L'organisation de défense des droits humains Memorial a été créée en 1987 par des militants des droits humains de l'ex-Union soviétique qui souhaitaient s'assurer que les victimes de l'oppression du régime communiste ne seraient jamais oubliées. Le lauréat du prix Nobel de la paix Andrei Sakharov et l'avocate des droits de l'homme Svetlana Gannushkina figuraient parmi les fondateurs. Memorial est basé sur l'idée d'affronter les crimes passés est essentiel pour en prévenir de nouveaux.
Après l'effondrement de l'Union soviétique, Memorial est devenu la plus grande organisation de défense des droits de l'homme en Russie. En plus d'établir un centre de documentation sur les victimes de l'ère stalinienne, Memorial a compilé et systématisé des informations sur l'oppression politique et les violations des droits de l'homme en Russie.

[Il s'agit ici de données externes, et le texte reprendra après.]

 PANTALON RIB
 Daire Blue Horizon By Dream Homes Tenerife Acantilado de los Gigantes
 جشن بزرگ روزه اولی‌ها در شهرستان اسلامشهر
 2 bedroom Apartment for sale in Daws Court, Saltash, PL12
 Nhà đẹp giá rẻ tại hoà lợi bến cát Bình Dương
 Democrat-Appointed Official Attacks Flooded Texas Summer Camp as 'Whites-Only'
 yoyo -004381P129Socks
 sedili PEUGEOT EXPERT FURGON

Memorial est devenu la source d'information la plus fiable sur les prisonniers politiques dans les centres de détention russes. L'organisation a également été à l'avant-garde des efforts de lutte contre le militarisme et de promotion des droits de l'homme et d'un gouvernement fondé sur l'Etat de droit.
Lorsque la société civile doit céder la place à l'autocratie et à la dictature, la paix est souvent la prochaine victime. Pendant les guerres tchétchènes, Memorial a recueilli et vérifié des informations sur les abus et les crimes de guerre perpétrés contre la population civile par les forces russes et pro-russes. En 2009, la responsable de la filiale de Memorial en Tchétchénie, Natalia Estemirova, a été tuée à cause de ce travail.

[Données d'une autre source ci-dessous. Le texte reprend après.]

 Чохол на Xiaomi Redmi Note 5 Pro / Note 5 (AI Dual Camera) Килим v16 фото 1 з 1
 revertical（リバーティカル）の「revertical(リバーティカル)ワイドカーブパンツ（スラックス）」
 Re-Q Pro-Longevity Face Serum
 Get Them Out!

Les acteurs de la société civile en Russie font l'objet de menaces, d'emprisonnements, de disparitions et d'assassinats depuis de nombreuses années. Dans le cadre du harcèlement de Memorial par le gouvernement, l'organisation a très tôt été qualifiée d'« agent étranger ». En décembre 2021, les autorités ont décidé que Memorial devait être liquidé par la force et que le centre de documentation devait être définitivement fermé. Les fermetures sont devenues effectives dans les mois suivants, mais les gens derrière Memorial refusent d'être fermés. Dans un commentaire sur la dissolution forcée, le président Yan Rachinsky a déclaré : « Personne ne prévoit d'abandonner ».
Le Centre pour les libertés civiles a été fondé à Kyiv en 2007 dans le but de faire progresser les droits de l'homme et la démocratie en Ukraine. Le centre a pris position pour renforcer la société civile ukrainienne et faire pression sur les autorités pour faire de l'Ukraine une démocratie à part entière. Pour faire de l'Ukraine un Etat de droit, le Centre pour les libertés civiles a activement plaidé en faveur de l'affiliation de l'Ukraine à la Cour pénale internationale.
Après l'invasion de l'Ukraine par la Russie en février 2022, le Centre pour les libertés civiles s'est engagé dans des efforts pour identifier et documenter les crimes de guerre russes contre la population civile ukrainienne. En collaboration avec des partenaires internationaux, le centre joue un rôle de pionnier en vue de tenir les coupables responsables de leurs crimes.
En décernant le prix Nobel de la paix pour 2022 à Ales Bialiatski, Memorial et le Centre pour les libertés civiles, le Comité Nobel norvégien souhaite honorer trois défenseurs exceptionnels des droits de l'homme, de la démocratie et de la coexistence pacifique dans les pays voisins, la Biélorussie, la Russie et l'Ukraine. Grâce à leurs efforts constants en faveur des valeurs humanistes, de l'antimilitarisme et des principes du droit, les lauréats de cette année ont revitalisé et honoré la vision d'Alfred Nobel de la paix et de la fraternité entre les nations – une vision dont le monde a le plus besoin aujourd'hui.